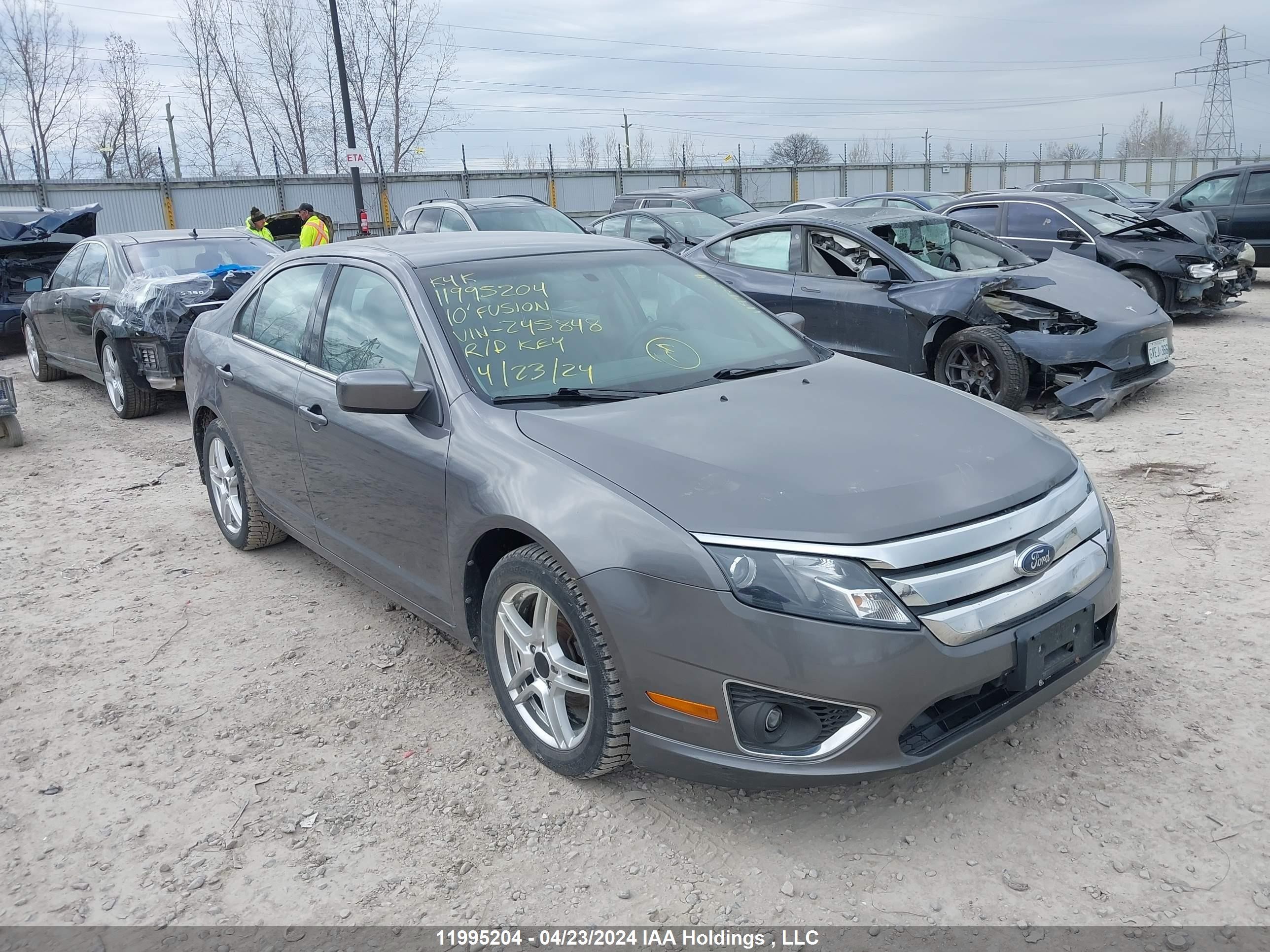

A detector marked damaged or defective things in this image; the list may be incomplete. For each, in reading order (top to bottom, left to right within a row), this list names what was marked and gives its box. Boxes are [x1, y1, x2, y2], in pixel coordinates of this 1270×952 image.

wrecked vehicle [0, 205, 100, 343]
wrecked vehicle [20, 230, 280, 420]
damaged tesla [690, 209, 1175, 422]
wrecked vehicle [686, 211, 1183, 420]
wrecked vehicle [939, 192, 1254, 315]
damaged tesla [939, 192, 1254, 315]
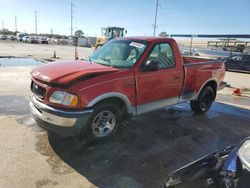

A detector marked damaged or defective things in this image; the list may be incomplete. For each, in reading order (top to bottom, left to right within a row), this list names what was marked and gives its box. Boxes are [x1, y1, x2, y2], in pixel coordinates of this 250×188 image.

crumpled hood [31, 61, 119, 84]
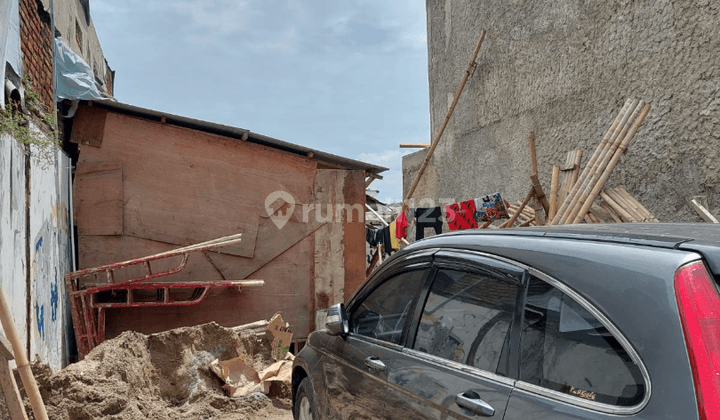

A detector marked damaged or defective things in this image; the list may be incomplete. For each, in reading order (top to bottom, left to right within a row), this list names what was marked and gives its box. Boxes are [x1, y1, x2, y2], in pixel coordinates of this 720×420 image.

peeling paint wall [0, 131, 72, 368]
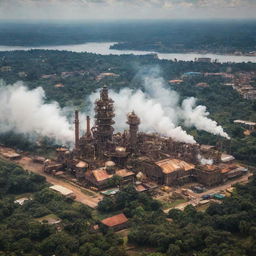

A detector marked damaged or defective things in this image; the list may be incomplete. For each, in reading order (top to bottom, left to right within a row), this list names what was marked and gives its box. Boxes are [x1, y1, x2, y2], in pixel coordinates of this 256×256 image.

rusty metal roof [156, 158, 194, 174]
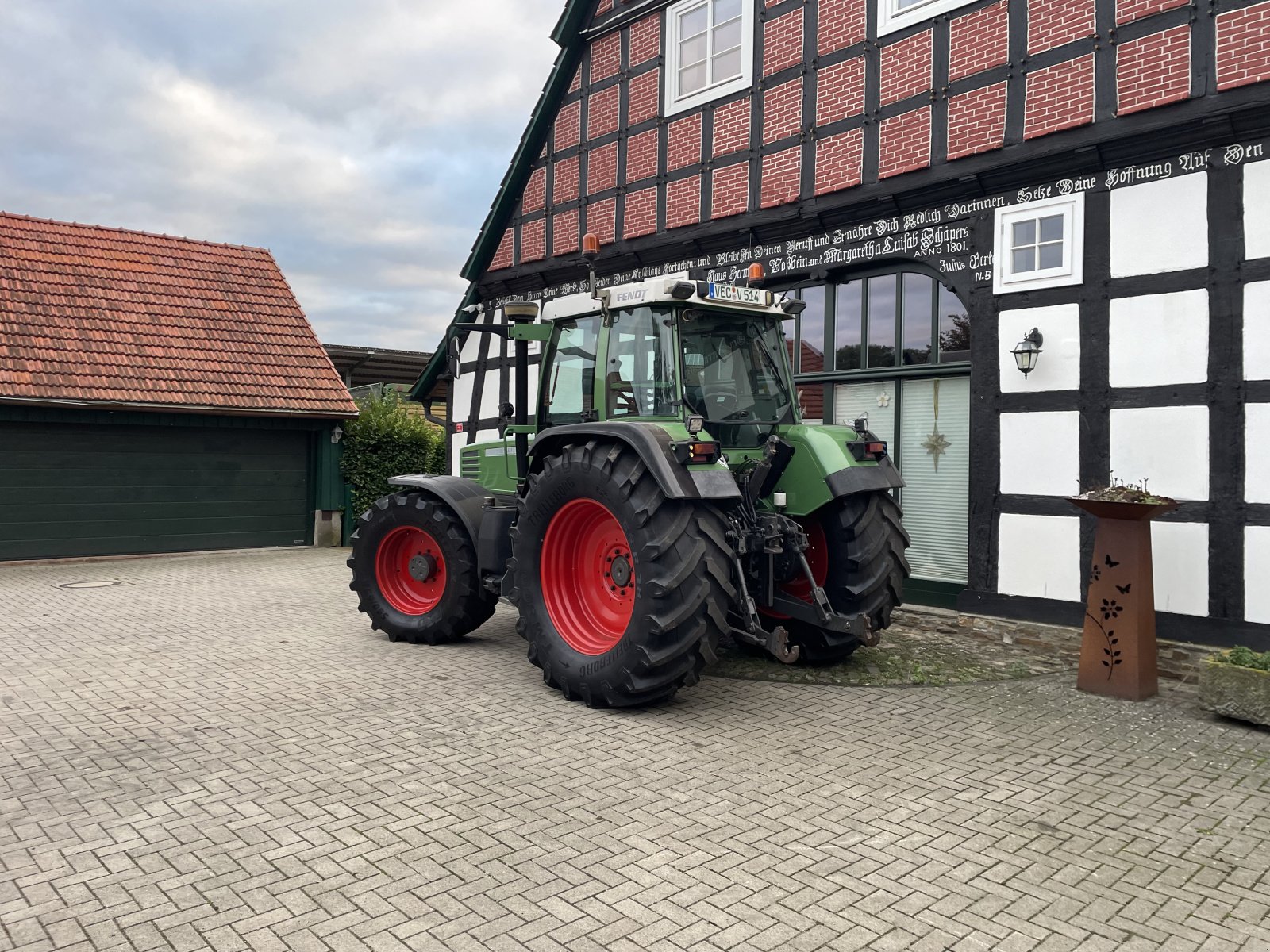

═══

== What the exercise asks ==
From the line with "this 256×256 image." through the final line of the records above, return each line exactly and nothing else. Pictures are to be skipped.

== Exercise solution ==
A detector marked damaged or defective things in this image; the list may be incomplete. For each, in reading order (top to bottom, left to right within a row), this list names what was marked and gives its box. Boxes are [x1, y1, x2, y2], in pixel coordinates of this 256×256 image.

rusty metal roof [156, 158, 194, 174]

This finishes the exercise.